In late August 2003, officers of the United States Department of Agriculture Forest Service were alerted that a pilot with the North Carolina State Bureau of Investigation had spotted some suspicious cultivated sites during a flyover of the Big Knob area of the Pisgah National Forest in western North Carolina. In early September 2003, Forest Service officers found and began monitoring three marijuana patches in that area, within Madison County, North Carolina. The patches were accessible from the Hickory Log Branch, a trail that had once been maintained by the Forest Service. The closest patch to the trail was several hundred feet away, and tracks indicated that the trail had recently been used by an all-terrain vehicle (“ATV”).

On October 3, 2003, Forest Service officers observed that the plants in the marijuana patches were heavily budded and ready for harvesting. A decision was then made to begin constant surveillance of the patches. At about eleven o’clock on the morning of October 5, 2003, two teams of officers entered the general area of the patches from different directions. Along [222]*222the way, one of the teams, including Agent Harold Young, Jr., surprised what was believed to be a person or animal, causing the person or animal to flee through the woods, or to be “flushed” from the area.
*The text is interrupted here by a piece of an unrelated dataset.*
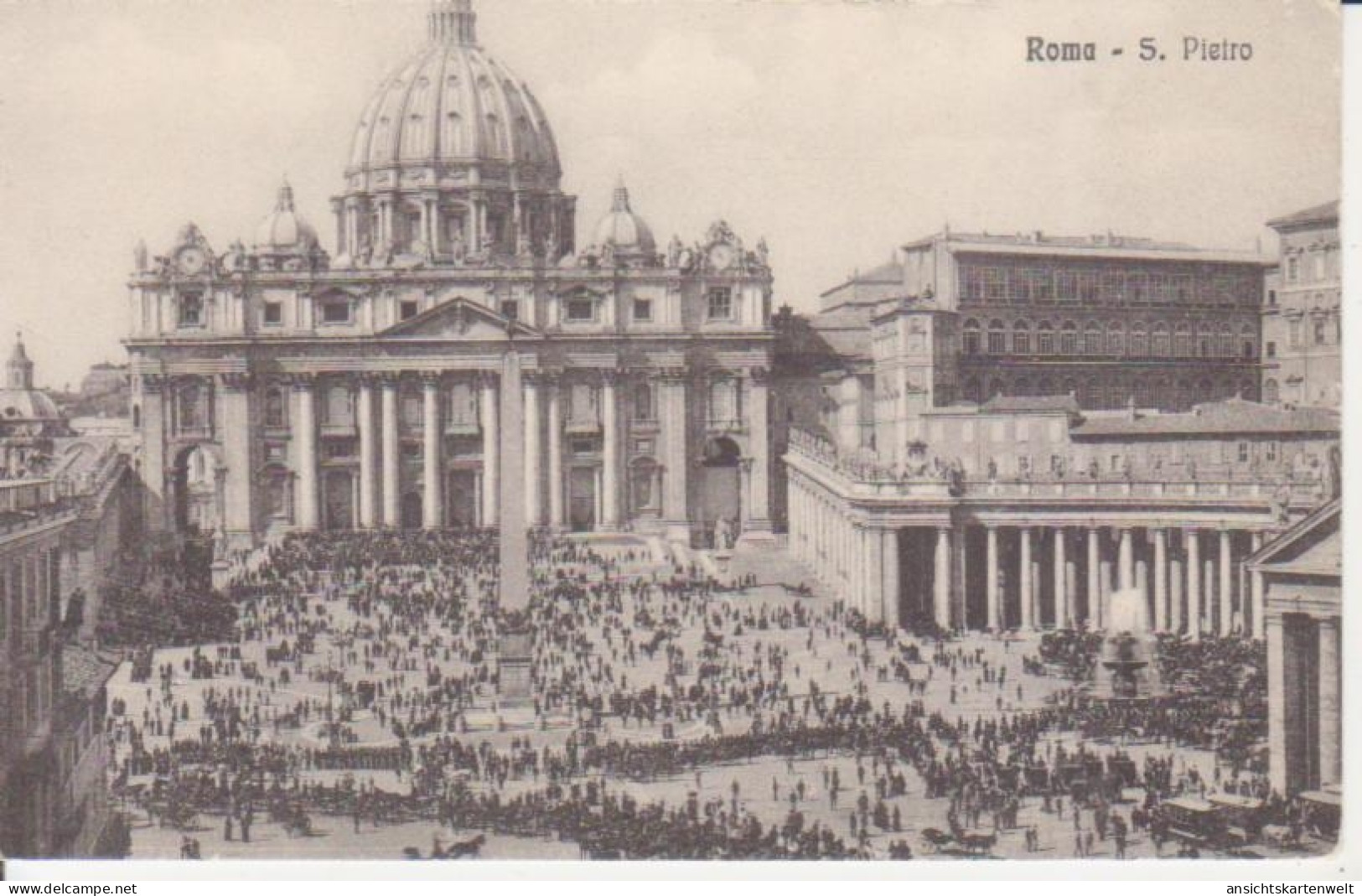 Vatikan: Piazza S. Pietro Ngl #220.333 - Vatican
Subsequently, upon arriving at each of the three marijuana patches, the officers discovered that the plants had been harvested since their previous visit two days earlier. The officers also found fresh bootprints belonging to two different persons at the three patches. These bootprints were tracked to a previously undiscovered fourth marijuana patch sheltered by large poplar trees. About 250 feet from that patch (and approximately a quarter- to a half-mile downhill from the other three marijuana patches), one of the officers, Claude Stribling, discovered an ATV parked on the nearby Hickory Log Branch. Stribling followed the fresh tracks of the ATV, ultimately determining that the tracks originated on Larry Aikens’s property, near his residence (about two miles downhill from where the parked ATV was found).

Meanwhile, other officers monitored the ATV, in the event someone came to retrieve it. Later, Agent Young led officers to the spot where he earlier had “flushed” a person or animal, finding four duffel bags full of newly harvested marijuana nearby. One of the bags appeared to be a United States Army bag, and it was marked with Lewis Aikens’s name and Social Security number.

Additional officers were then brought onto the scene, and surveillance of the ATV continued through the night. At about nine o’clock the following morning, October 6, 2003, an officer hidden alone at the site, Michael Tipton, spotted Larry and Lewis walking from the direction of the ATV tracks and approaching the ATV. Tipton overheard one of the men say to the other, “What do you think?” The other man replied, “I don’t see them. Let’s go on up the trail.” Larry and Lewis then continued walking up the Hickory Log Branch, which led to an access point for the upper marijuana patches and the site where the duffel bags of freshly harvested marijuana had been dropped. They walked for one to two minutes, covering about 200 feet, before they met another officer, who initiated arrest procedures.

Shortly after the arrests, the officers, including Agent Jenny Davis, asked Larry and Lewis whether the abandoned ATV belonged to either of them. First Larry, and then Lewis, responded “no.” Davis had also questioned Larry and Lewis about what they were doing in the area. Larry initially indicated, with Lewis’s agreement, that they were “just walking.” Some twenty or thirty minutes later, as officers were leading Larry and Lewis from the area, Larry initiated a conversation about bear hunting, and stated that he and Lewis had been walking and tracking bears.

Also on the day of the arrests, officers observed that Lewis had numerous wounds on his body, consistent with cuts from greenbrier and blackberry briers found in the woods surrounding the marijuana patches. And officers found evidence indicating that the abandoned ATV belonged to Lewis — a point on which there ultimately was no dispute.

On October 7, 2003, the day following the arrests, search warrants were executed on the respective homes of Larry and Lewis, which were located less than a half-mile apart.